La quête ultime de KEN Mode, c'est la chanson noise-rock parfaite. Celle qui te fait oublier toutes les bassesses en trois minutes et décoller vers l'infini. Avec ce sixième album, il se pourrait bien que le trio canadien ait atteint son Graal. On se dit ça à chaque nouvel album de KEN Mode mais là, les frangins Jesse et Shane Matthewson avec Scott Hamilton, le cinquième bassiste de l'histoire du groupe, se sont surpassés. Ils se sont payés Steve Albini venu faire un tour dans un studio à Winnipeg. Le choc entre le talent hors-pair de compositeurs de KEN Mode et le son de titan taillé par Albini provoque un monumental tsunami auditif dont on n'est pas prêt de s'en remettre.
J'ai beau chercher la petite bête, je ne trouve strictement rien à redire à Success. Vogue sur et bien au-delà. Ken Mode prouve une nouvelle fois de plus qu'il emmène son noise-rock là où il veut, quand il veut, il en maîtrise toutes les facettes, tous les courants en rajoutant – comme si c'était encore possible vu la qualité de leurs albums précédents – une couche de folie supplémentaire, un vent de virtuosité qui te fait passionnément aimer chaque seconde de ce disque. Et la folie, elle est présente dès le premier titre, un Blessed d'anthologie avec le dingue au milieu des dingues, Eugene S. Robinson qui a dû trouver en KEN Mode de quoi satisfaire son instinct animal pour les groupes qui ne font pas un bruit tiède, comme son cher Oxbow, et pousser des cris de bêtes se fracassant contre le son d'une guitare qui découpe l'acier grâce à une pédale dont tout l'effet est dans le nom (Fuzzrocious), les stridences du violoncelle de Natanielle Felicitas et une surcouche de bruits électroniques par Dylan Walker.
Non, ce groupe n'est pas tiède, son noise-rock non plus et Blessed ouvre le champ d'un tas de possibilités que KEN Mode va merveilleusement occuper. Avec Albini derrière la console et un son plus sec et tendu, KEN Mode opère même un virage encore plus prononcée vers les territoires de Craw, Dazzling Killmen (notamment au milieu de A Passive Disaster et sa ligne de basse qui tourne comme une hache au-dessus de nos têtes ne demandant qu'à être dégommées), Jesus Lizard (The Owl), laissant le coté plus hardcore à la Botch de Entrench.
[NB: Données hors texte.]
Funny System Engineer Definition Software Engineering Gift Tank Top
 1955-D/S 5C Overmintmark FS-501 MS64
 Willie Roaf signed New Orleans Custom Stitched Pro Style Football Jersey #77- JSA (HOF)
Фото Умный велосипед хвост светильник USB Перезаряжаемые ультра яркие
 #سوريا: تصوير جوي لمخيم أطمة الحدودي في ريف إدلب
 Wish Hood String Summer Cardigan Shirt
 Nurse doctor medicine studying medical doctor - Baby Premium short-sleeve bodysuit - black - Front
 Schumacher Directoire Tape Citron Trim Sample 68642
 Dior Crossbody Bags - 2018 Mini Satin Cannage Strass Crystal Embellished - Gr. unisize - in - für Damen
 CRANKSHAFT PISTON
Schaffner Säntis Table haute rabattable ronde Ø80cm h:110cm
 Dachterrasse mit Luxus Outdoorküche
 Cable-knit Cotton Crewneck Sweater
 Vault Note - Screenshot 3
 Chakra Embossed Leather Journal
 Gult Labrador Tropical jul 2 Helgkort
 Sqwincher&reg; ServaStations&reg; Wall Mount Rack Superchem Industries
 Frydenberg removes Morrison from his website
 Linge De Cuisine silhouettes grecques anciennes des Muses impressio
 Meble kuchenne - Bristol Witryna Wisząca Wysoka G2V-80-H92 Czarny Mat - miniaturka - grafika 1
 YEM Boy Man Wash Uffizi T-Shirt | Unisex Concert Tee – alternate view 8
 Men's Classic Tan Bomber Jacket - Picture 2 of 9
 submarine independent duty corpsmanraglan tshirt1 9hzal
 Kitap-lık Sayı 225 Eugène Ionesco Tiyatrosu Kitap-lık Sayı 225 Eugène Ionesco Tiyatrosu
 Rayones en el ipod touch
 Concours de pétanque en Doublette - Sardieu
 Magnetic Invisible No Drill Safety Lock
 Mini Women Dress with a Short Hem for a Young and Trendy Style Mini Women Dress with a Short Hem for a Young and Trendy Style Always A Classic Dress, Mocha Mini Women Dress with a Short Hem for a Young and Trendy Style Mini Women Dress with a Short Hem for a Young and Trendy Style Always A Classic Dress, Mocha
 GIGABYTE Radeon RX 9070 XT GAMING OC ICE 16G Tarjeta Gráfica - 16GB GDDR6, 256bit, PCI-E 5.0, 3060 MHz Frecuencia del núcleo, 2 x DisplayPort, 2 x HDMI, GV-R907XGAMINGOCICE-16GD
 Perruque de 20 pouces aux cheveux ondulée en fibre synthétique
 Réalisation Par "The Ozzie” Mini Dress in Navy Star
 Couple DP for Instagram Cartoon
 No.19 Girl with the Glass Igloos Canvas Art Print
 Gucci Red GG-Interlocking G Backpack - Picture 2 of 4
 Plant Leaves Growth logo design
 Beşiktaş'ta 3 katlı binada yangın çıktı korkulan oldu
Duel de chant sur These Tight Jeans entre l'invitée Jill Clapham et le chant toujours aussi hargneux et caustique de Jesse Matthewson, incendie généralisée sur la bombe I Just Like Fire avec sa guitare trépidante, surplus d'agressivité sur l'impressionnant Failing At Fun Since 1981, riffs étincelants, parties rythmiques affolantes, pics mélodiques qui tombent de nulle part, il faut attendre les six bonnes minutes du dernier titre (Dead Actors) pour voir KEN Mode se calmer un peu, mettre sa tension en mode souterrain et se faire rencontrer Rapeman et Bitch Magnet dans un moule dont ils ont le secret. Car on sait d'où vient KEN Mode, les influences sont là mais la différence, c'est que ces mecs sont doués pour torcher des morceaux grandioses, des morceaux qui font toujours passer le frisson, des morceaux qui te prennent tout de suite et ne te lâchent plus, comme dans un grand train de tradition qui ne s'arrête jamais et qui fait les classiques. Succès total.